In today’s Architect’s Corner, we speak with Cris Fairweather, an Architect and Engineer at WCG Solutions. WCG Solutions is a diverse group of individuals comprised primarily of engineering (civil, electrical, mechanical), environmental, and system lifecycle management personnel who have worked on various maritime, communications, and general engineering projects spanning over 30 years. WCG provides a variety of engineering and systems management expertise and delivers practical engineering, which at its core brings concepts from the drawing board to reality.
Key technologies discussed
Infrastructure – On-premises
Container runtime – Docker
Orchestration – Rancher
Stateful Services – MongoDB, PostgreSQL, MySQL, Atlassian products, GitLab, Grafana, InfluxDB
Tell us a little bit about the company that you work for?
WCG is a defense contractor based in San Diego. We provide a lot of services for our government customers which include the Navy and the Department of Defense. I spend most of my time onsite with our customers, doing architecture planning, development, and maintenance.
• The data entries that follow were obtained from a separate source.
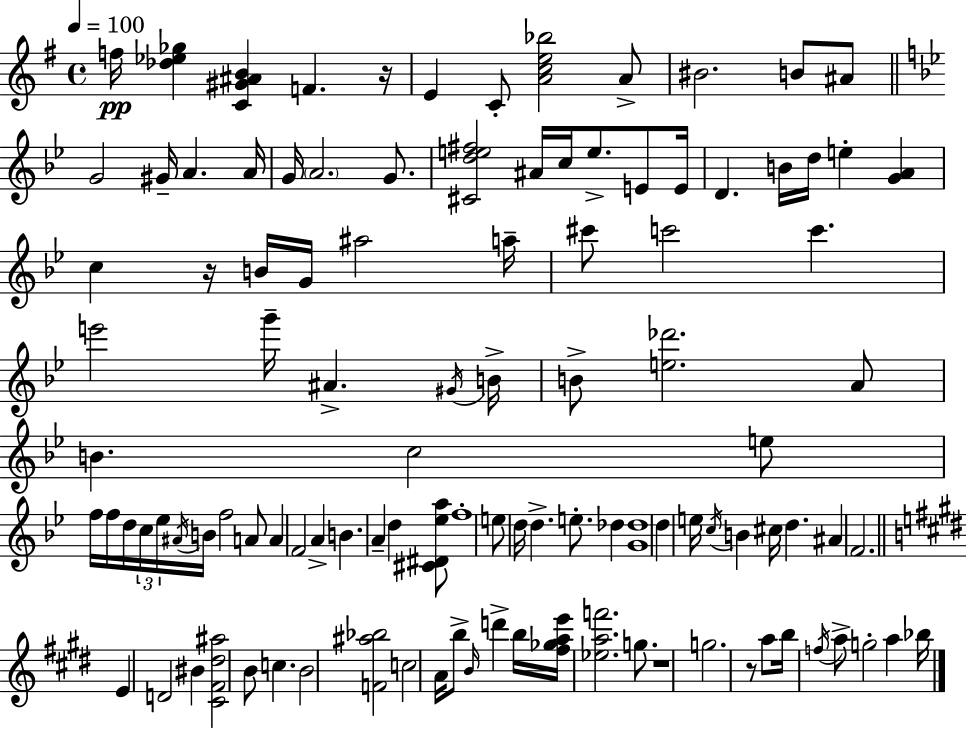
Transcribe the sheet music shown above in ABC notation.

X:1
T:Untitled
M:4/4
L:1/4
K:Em
f/4 [_d_e_g] [C^G^AB] F z/4 E C/2 [Ace_b]2 A/2 ^B2 B/2 ^A/2 G2 ^G/4 A A/4 G/4 A2 G/2 [^Cde^f]2 ^A/4 c/4 e/2 E/2 E/4 D B/4 d/4 e [GA] c z/4 B/4 G/4 ^a2 a/4 ^c'/2 c'2 c' e'2 g'/4 ^A ^G/4 B/4 B/2 [e_d']2 A/2 B c2 e/2 f/4 f/4 d/4 c/4 _e/4 ^A/4 B/4 f2 A/2 A F2 A B A d [^C^D_ea]/2 f4 e/2 d/4 d e/2 _d [G_d]4 d e/4 c/4 B ^c/4 d ^A F2 E D2 ^B [^C^F^d^a]2 B/2 c B2 [F^a_b]2 c2 A/4 b/2 B/4 d' b/4 [^f_gae']/4 [_eaf']2 g/2 z4 g2 z/2 a/2 b/4 f/4 a/2 g2 a _b/4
The current project I’m working on for a major military branch is building and maintaining a suite of web-based collaboration tools, both commercial products, and in-house applications. These web apps are meant to facilitate communication across research and development organizations within the government. For instance, we are building an in-house version of Slack to communicate across teams but we also deploy Atlassian tooling, Confluence and Jira, and GitLab as well, for the development side.
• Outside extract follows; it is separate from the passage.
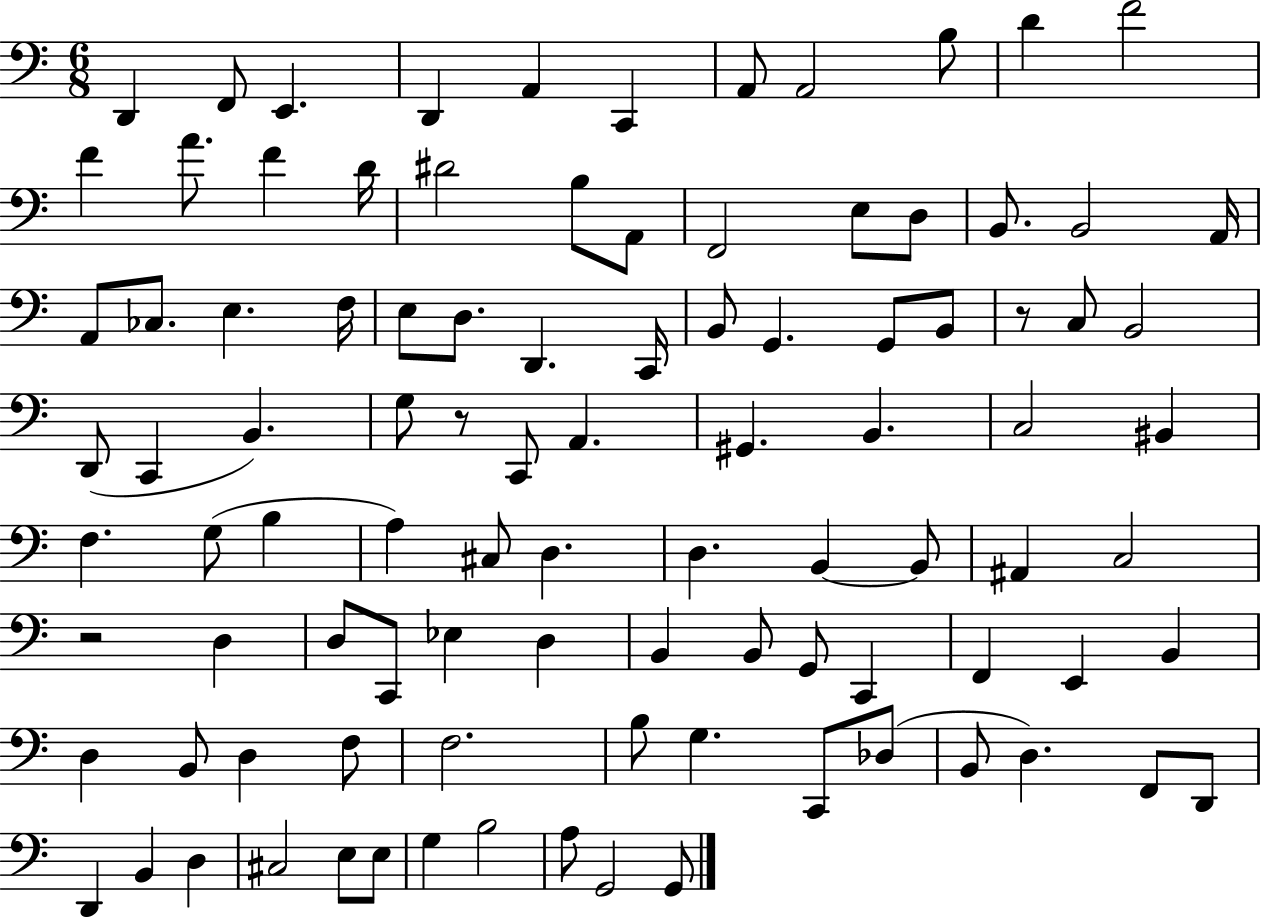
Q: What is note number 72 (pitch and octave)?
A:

Tell us a little bit about your role?
I’m a programmer by trade, but I also do Linux administration and on many projects, I play the role of Architect. Recently, I’ve found myself involved in the architectural process for all of our new deployments as well as updating our old deployments. Thankfully, the burden of responsibility for the total architecture is slightly reduced because I don’t have to deal with a network or hosting infrastructure, but everything else from kernel to the front end is my responsibility right now.
Tell us a little bit about how you’re leveraging containers and microservices as a part of this communications architecture?
Containers provide a much greater overall situational awareness of what you’re running in production which is hugely important with large scale systems like the ones used by the military.
One of the significant problems with pretty much any infrastructure I’ve come up against is the overwhelming technical debt of extremely poor configuration management. Poor configuration management leads to problems like not knowing which deployments are configured in which way, making updates very difficult. Or forgetting that some CRON job is running on some server somewhere that you didn’t know you critically relied on.
One of the main benefits containers brought us is an explicit documentation of every part of every service that we’re using. So we’re taking our old system with all that technical debt and putting it into this concrete, defined, well-documented service that we can then easily deploy and manage. We’re using containers to achieve a much nicer situational awareness for everything from web apps to their databases, to even deploying Open LDAP, logging aggregation systems, Grafana, and InfluxDB for our monitoring system.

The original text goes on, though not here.